IP to Country (#139)

bbazzarrakk · September 19, 2007, 1:45am

From: “Matthias Wächter” [email protected]

James Edward G. II schrieb:

On Sep 18, 2007, at 4:00 AM, Matthias Wächter wrote:

Anyway – i’d like to see a 100000 lookups comparison hehe
Great. Run it for us and let us know how we do.

Here are the results of the supplied solutions so far, and it looks like my solution can take the 100k-performance victory

Thanks for putting that together! Fun to see the different
times.

If I’ve understood correctly, it looks like my solution seems
to be the fastest (so far) of those that operate on the
unmodified .csv file?

I wasn’t expecting that, at all…

I would have bet Simon’s would be faster. Strange!

Regards,

Bill

bbazzarrakk · September 19, 2007, 5:13am

On Sep 18, 2007, at 6:23 PM, Matthias Wächter wrote:

James Edward G. II schrieb:

On Sep 18, 2007, at 4:00 AM, Matthias Wächter wrote:

Anyway – i’d like to see a 100000 lookups comparison hehe
Great. Run it for us and let us know how we do.

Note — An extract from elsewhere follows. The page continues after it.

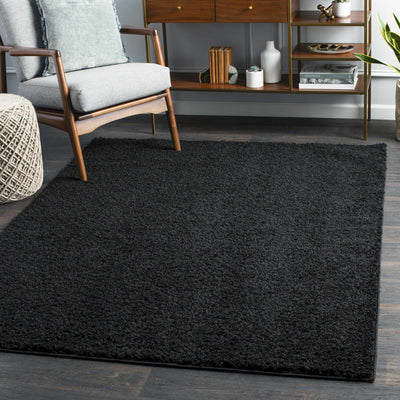 Black Solid Area Rug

Here are the results of the supplied solutions so far, and it looks
like my solution can take the 100k-performance victory

Thank you very much for putting this together and wow, your code is
lightening quick.

James Edward G. II

bbazzarrakk · September 19, 2007, 4:34am

From: “Adam S.” [email protected]
On 9/18/07, Bill K. [email protected] wrote:

If I’ve understood correctly, it looks like my solution seems
to be the fastest (so far) of those that operate on the
unmodified .csv file?

It depends what you mean by unmodified - my algorithm runs off the
original file, the only “modification” I am doing in the setup stage
is searching for and saving the byte offset of the first and last
records. It looks like l could have done that every time my script
was run and only added 5 ms.

Ah, I see. Cool.

Incidentally since the file format description indicates comment
lines may appear anywhere in the file, I allowed for that. However,
I doubt adding a loop to your gets/split logic to keep going until a
valid record was found would affect your time much at all.

Nice job

Regards,

Bill

bbazzarrakk · September 19, 2007, 9:28am

On 9/19/07, Matthias Wächter [email protected] wrote:

James Edward G. II schrieb:

On Sep 18, 2007, at 4:00 AM, Matthias Wächter wrote:

Anyway – i’d like to see a 100000 lookups comparison hehe
Great. Run it for us and let us know how we do.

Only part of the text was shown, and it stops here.